Нет ничего общего между разными народами Европы, которые мы по своему недомыслию объединяем в общем противопоставлении русскому Логосу — как «народы Рацио». Известны характеристики немца, данные французом, как и наоборот. «Другие части света имеют обезьян, Европа имеет французов» — это Шопенгауэр; «Национальная заслуга Франции — женщина» — это Кант. Владимир Одоевский
В основе различий, собиравшихся веками, множество факторов. Розанов [1990а: 180] писал: «Как католицизм есть романское понимание христианства и протестантизм — германское, так православие есть его славянское понимание. Хотя корни его держатся в греческой почве (мы, впрочем, должны помнить, до какой степени эта почва в первые же века нашей эры, в эпоху передвижения народов, пропиталась славянскими элементами) и на этой же почве сложились его догмы, но весь тот особенный дух, которым он светится в истории, живо отражает на себе черты славянской расы». Таковы религиозные ограничения русской ментальности в ее отличие от западной. Но Бердяев (в работе «Христианство и классовая борьба») добавлял: «Исторически русское православие было очень связано с купечеством и мещанством, французское католичество с аристократией, немецкий протестантизм с буржуазными классами и национализмом.

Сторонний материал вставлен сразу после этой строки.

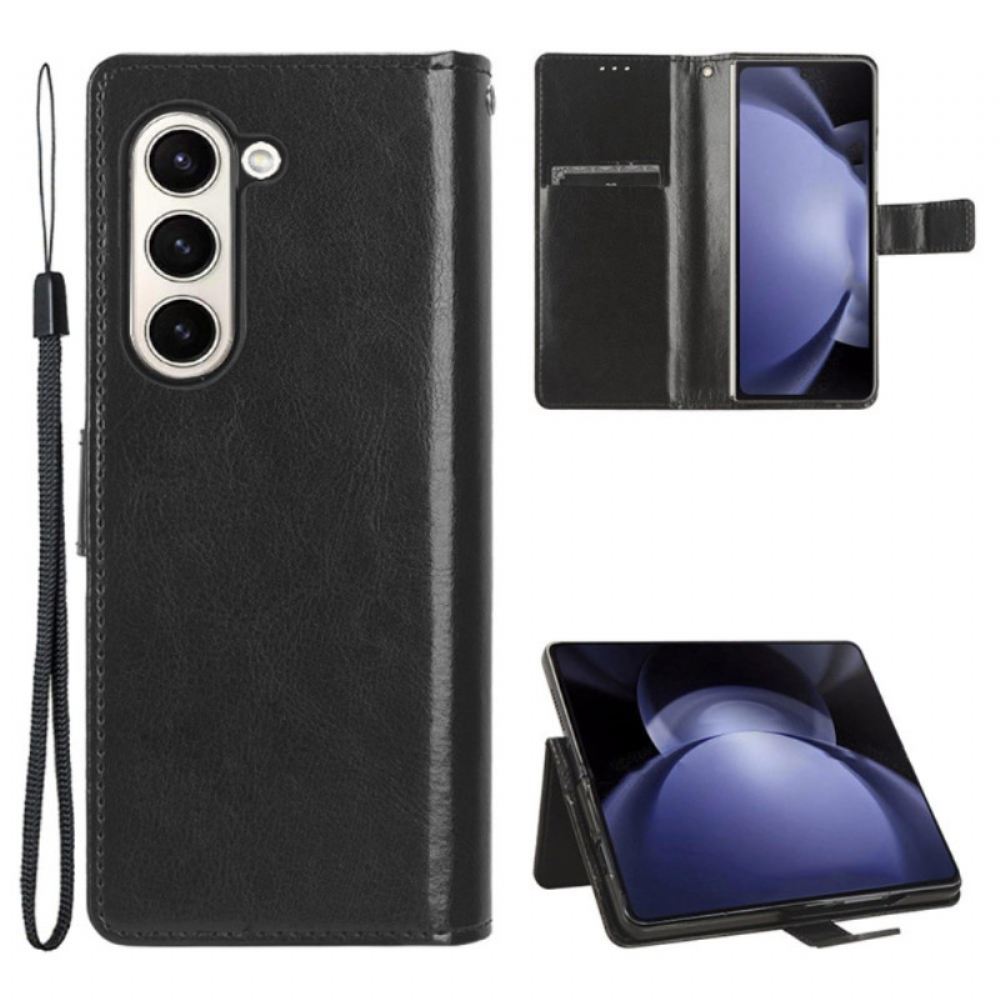 Kožený Kryt Samsung Galaxy Z Fold 6 Okázalá Umělá Kůže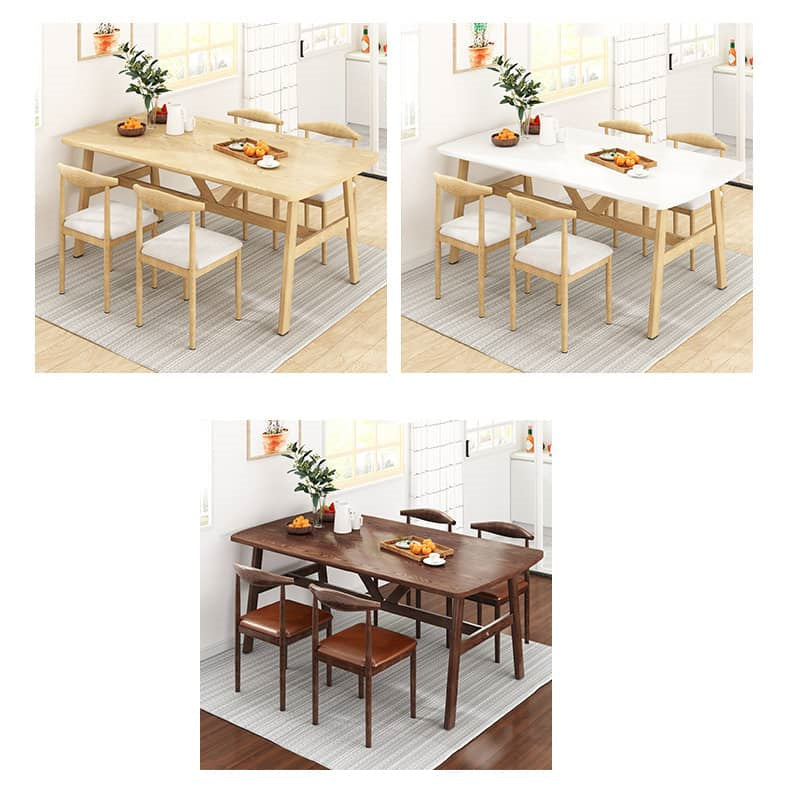 Minimalistic Rectangular Dining Table in Natural Wood Color for 6 People fxjc-921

Но человеческая личность аксиологически выше класса, как выше государства и хозяйства». Таково второе ограничение русской ментальности в отношении к ее корням. И «если, следовательно, католичество выказало свойства нетерпимости и насильственности, то, конечно, не могло ниоткуда заимствовать их, как из характера народов, его исповедующих» [Данилевский 1991: 180]. Бумерангом все рассуждения возвращаются к ментальности («характер народов»).
Далее Н. Я. Данилевский [Там же: 267] говорит: «Самое понятие об истинно русском до того исказилось, что даже в счастливые периоды национальной истории (как внешней, так и внутренней) русским считалось нередко такое, что вовсе этого имени не заслуживало».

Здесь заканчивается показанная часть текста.